As a popular destination for people in my dorm community with a hankering for beer pong, my room began seeing very heavy traffic each weekend. Some nights, new faces were more common than familiar ones, especially with the parade of strangers that OJ ushered through my door.
One particular weekend, a broad framed and slightly portly fellow from up north named Pat joined us. He was quiet, but beer pong breeds instant camaraderie and as Pat’s face grew redder with each game, we boisterously projected a genial manner on the guy and he smiled more and laughed harder as the night progressed. Pat was an easy-going guy and fun to have around, if only as another body in the room adding volume to the laughter and happiness to the sweaty drunken atmosphere. At the time, we were always in need of beer pong opponents so that we could play with teams of two, so I felt like we found a real keeper in Pat.
He partied with us twice in one weekend. With the populations that OJ assembled varying between the two nights, I came to realize Pat’s connection to the chain smokers in the courtyard. He didn’t do much to shift the group dynamic with us, so I assumed he was just a quiet guy lost in the ruckus of the cigarette gang and that was why I never noticed him before.
The next weekend, OJ and I prepared to gather bodies for binge drinking. I mentioned inviting Pat and we tried to run him down, but never got a hold of him. This became a recurring pattern over the following weekends. Back then, I remembered Pat’s last name and I found him on Facebook and friended him. I asked him where he had been on his wall, but got no reply.
I asked the chain smokers if any of them had seen Pat lately. One casually mentioned that Pat had been Baker Act-ed the past couple of weekends. The Baker Act is a law that states that someone can be detained and observed for up to 48 hours if they are reported to be a danger to themselves or others – at least that was what I learned from my peers. I was shocked that such a quiet, laid back guy could be locked away for something like that. I was even more flabbergasted by the way that the smokers were laughing about it until one of them elaborated on it.
Pat had a girlfriend back home who was a drama queen and things had become quite a train wreck between them. His psycho girlfriend’s favorite tactic was to call the cops on him after they had a fight over the phone. She would tell the officials that he was threatening to hurt himself, and just like that, Pat would vanish for a couple of days. “What a bitch!” I thought, finding this to be an easy explanation to believe.
When Pat returned, I only saw him and spoke with him in passing. As he resumed his use of Facebook, some of his posts were pretty dark and brooding. It isn’t uncommon for people to jokingly say things like, “Oh my God, it was so awful! I just wanted to kill myself!” Something about the way that Pat phrased those sentiments online was different though. There was an angry edge to them, as if he genuinely disliked himself and felt that he deserved physical punishment for his inadequacies. I searched my beer hazed memories for any sign of sadness in the big quiet guy and I thought I understood a little bit about why he was so quiet. Maybe he didn’t want to hang out with us anymore because being around people having fun just made him feel more alone. It was a feeling that I could have related to only a couple months before meeting OJ.

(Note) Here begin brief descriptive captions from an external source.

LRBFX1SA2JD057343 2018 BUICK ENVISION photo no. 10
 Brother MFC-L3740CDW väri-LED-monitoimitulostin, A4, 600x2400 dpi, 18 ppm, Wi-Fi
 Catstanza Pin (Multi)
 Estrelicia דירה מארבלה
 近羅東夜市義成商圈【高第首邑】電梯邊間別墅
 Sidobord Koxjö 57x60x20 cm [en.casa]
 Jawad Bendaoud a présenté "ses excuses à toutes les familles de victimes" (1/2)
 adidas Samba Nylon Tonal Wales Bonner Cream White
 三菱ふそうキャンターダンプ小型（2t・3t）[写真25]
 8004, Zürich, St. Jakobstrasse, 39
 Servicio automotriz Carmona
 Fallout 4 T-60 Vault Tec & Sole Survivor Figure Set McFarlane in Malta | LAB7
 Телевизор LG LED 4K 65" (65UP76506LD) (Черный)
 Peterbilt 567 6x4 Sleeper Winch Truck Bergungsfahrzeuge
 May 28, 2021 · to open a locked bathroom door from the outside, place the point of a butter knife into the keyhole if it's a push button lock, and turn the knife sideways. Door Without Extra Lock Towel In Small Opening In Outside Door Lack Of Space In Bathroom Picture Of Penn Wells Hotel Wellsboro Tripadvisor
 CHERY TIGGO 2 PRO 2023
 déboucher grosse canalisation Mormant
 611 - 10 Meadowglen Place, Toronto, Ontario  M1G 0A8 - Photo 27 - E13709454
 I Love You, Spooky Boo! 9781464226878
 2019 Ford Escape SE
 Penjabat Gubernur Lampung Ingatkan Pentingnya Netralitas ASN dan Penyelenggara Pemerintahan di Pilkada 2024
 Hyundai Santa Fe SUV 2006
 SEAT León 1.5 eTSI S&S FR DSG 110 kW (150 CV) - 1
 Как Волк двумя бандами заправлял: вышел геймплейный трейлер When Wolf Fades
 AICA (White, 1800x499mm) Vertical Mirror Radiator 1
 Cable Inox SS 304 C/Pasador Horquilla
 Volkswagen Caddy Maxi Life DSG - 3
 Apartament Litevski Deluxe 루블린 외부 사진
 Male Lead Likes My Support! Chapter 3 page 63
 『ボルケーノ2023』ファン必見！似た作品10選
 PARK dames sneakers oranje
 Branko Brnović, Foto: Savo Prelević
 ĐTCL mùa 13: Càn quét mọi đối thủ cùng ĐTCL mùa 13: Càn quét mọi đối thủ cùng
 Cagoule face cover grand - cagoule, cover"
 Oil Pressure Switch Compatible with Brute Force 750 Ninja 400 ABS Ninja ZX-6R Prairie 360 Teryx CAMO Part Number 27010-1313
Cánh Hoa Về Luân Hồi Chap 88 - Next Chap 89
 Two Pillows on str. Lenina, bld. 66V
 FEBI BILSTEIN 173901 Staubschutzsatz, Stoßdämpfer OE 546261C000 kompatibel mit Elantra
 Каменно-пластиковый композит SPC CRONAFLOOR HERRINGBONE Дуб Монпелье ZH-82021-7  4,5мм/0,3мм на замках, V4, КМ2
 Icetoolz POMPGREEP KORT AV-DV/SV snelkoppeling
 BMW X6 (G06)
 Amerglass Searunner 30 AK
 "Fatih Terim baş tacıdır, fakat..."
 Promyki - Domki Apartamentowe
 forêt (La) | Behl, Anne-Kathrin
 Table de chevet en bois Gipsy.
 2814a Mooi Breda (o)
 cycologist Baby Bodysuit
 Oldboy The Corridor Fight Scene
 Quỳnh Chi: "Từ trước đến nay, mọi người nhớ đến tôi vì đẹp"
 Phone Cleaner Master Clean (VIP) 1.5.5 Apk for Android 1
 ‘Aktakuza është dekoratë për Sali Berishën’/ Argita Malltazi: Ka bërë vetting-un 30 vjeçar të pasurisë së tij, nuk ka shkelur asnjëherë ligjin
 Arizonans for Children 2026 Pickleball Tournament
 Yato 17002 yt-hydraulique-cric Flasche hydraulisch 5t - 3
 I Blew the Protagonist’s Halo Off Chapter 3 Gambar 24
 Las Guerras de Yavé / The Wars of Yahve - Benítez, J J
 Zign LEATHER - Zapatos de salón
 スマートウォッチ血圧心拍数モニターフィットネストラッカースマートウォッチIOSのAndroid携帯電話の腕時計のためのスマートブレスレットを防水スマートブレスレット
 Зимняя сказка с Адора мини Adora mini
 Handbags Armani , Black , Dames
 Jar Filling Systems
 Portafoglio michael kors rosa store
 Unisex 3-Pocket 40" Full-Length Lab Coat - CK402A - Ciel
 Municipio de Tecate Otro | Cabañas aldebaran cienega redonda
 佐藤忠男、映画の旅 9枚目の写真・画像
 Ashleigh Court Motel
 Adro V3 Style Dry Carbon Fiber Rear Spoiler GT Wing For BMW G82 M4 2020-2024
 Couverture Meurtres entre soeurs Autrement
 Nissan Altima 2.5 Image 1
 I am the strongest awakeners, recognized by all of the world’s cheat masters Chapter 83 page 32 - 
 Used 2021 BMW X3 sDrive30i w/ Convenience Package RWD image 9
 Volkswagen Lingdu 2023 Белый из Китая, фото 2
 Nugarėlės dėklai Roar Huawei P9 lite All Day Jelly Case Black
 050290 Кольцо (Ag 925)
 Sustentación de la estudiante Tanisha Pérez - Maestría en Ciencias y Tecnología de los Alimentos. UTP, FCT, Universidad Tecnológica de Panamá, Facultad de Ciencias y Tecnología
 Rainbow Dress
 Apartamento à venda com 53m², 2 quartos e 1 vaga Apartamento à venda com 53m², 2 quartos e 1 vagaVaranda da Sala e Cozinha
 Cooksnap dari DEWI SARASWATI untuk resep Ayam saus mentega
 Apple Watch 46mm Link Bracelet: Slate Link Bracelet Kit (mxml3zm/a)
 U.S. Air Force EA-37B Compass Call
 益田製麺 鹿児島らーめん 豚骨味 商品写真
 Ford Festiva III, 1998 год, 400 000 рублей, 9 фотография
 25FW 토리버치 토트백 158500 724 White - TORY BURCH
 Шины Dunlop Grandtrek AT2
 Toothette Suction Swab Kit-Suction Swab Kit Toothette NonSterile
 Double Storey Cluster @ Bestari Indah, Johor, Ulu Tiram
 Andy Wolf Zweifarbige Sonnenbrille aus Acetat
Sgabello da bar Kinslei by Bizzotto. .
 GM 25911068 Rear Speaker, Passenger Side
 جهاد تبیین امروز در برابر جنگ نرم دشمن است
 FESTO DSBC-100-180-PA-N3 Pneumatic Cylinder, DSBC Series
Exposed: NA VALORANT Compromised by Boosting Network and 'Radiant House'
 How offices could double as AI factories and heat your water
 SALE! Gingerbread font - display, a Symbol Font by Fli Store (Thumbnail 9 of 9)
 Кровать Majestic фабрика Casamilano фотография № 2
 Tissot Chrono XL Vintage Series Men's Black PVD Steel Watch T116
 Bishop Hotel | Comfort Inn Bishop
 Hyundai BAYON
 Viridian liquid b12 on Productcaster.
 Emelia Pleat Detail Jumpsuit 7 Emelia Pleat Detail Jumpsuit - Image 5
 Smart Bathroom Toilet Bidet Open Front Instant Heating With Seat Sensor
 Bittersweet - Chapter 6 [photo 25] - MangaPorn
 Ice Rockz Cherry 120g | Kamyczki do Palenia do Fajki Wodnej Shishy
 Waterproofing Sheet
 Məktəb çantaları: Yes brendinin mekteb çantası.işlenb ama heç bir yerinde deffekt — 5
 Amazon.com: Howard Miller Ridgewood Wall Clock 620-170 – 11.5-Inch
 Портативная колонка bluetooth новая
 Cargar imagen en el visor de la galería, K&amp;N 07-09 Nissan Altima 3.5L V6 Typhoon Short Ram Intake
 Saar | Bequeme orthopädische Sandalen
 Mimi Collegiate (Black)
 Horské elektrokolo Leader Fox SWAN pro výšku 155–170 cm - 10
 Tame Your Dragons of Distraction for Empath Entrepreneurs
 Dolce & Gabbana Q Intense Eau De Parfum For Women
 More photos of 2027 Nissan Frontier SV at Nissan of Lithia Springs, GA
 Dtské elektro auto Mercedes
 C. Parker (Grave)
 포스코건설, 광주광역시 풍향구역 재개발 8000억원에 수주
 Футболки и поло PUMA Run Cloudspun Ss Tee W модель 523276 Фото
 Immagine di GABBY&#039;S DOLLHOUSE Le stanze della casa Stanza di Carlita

I never saw Pat again, even in passing. I think someone told me that he moved back home. I couldn’t comprehend the disconnect between the guy drinking beer with me and the guy who very openly desired to hurt himself. It showed me how superficial the bond between college drinking buddies can be. I had two very fun nights with this guy by my side, and yet I didn’t learn a single thing about who he really was. It wasn’t real friendship, just intoxicated physical proximity around a drinking game one night.